I will be glad to talk with you individually about your paper topic and ideas so please feel free to consult with me.
Technical
Requirements:
It is important that your essay be entirely your own work so please do not discuss the questions or your essay with anyone in the class. To do so is to violate the University Honor Code. Similarly we will not use class time to directly address the assignment. You can consult with me individually if you have any questions or concerns.
When citing source materials, use the following rule: if you use a text on the syllabus and the edition that is for sale in the bookstore, then simply cite the work from which you are quoting briefly in the text by noting the authorÕs name, the text, and the page number. (i.e. Hume, Essay Concerning Human Understanding, p.125). If you use another edition, use the same format but note the publication information for the edition you are using as well (Hume, Essay Concerning Human Understanding (Cambridge University Press, 1997), pp. 198). If you use other source material not on the syllabus at all then use a full citation of author, title, publisher, publication date, page number (i.e. Peter Gay, The Enlightenment: An Interpretation (W.W. Norton, 1968), pp. 320-35.)

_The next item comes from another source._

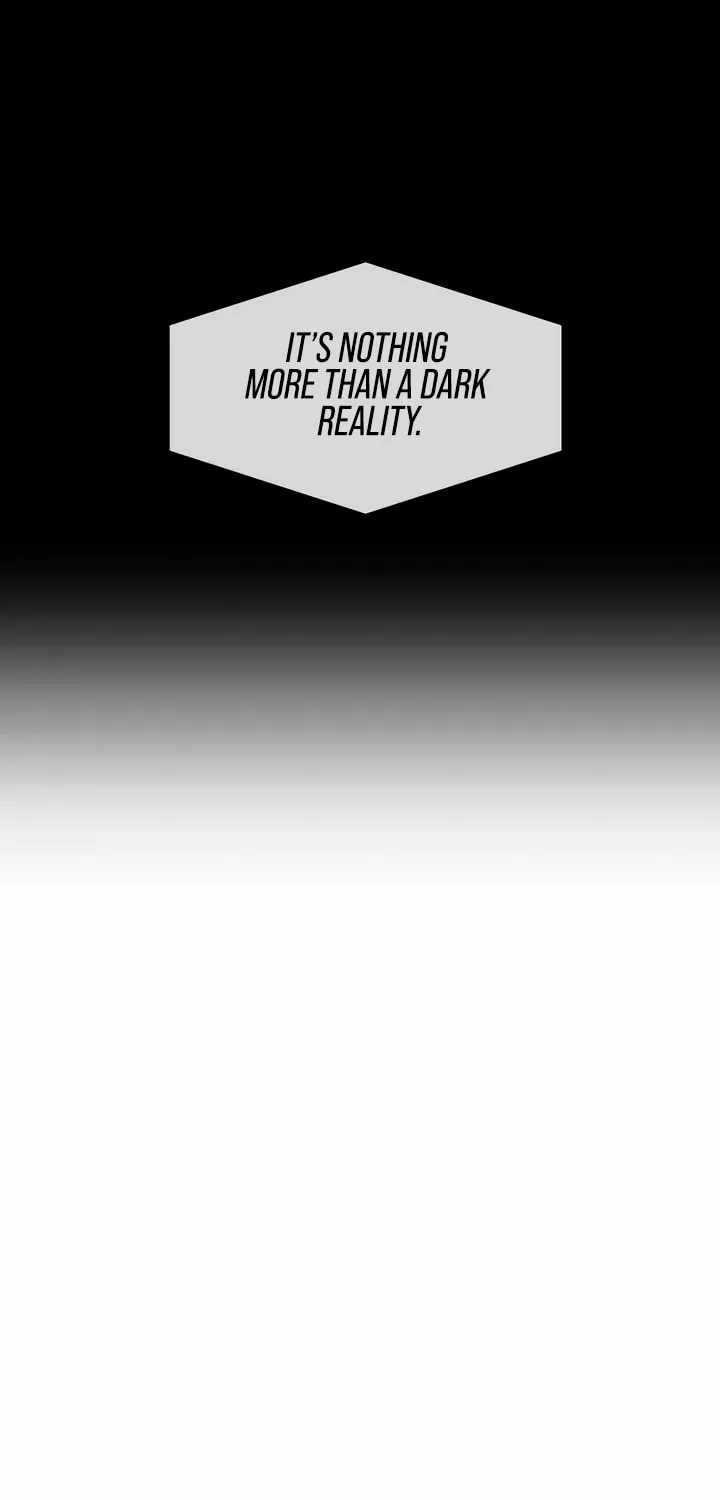 Read Moonstruck chapter 4 image 57 on Lezhin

You are encouraged to work exclusively with the course materials and to avoid external research. If you do consult other books or research materials, however, then be sure to cite these works in your essay. To fail to do so is to plagiarize, a very serious offense. The same rule applies for web sites, encyclopedias, and any other source material. To be safe, either restrict yourself to the course materials alone in making your arguments or meticulously cite all your sources in the text.
In-text citations are fine, so only add a separate bibliography if you have consulted outside sources.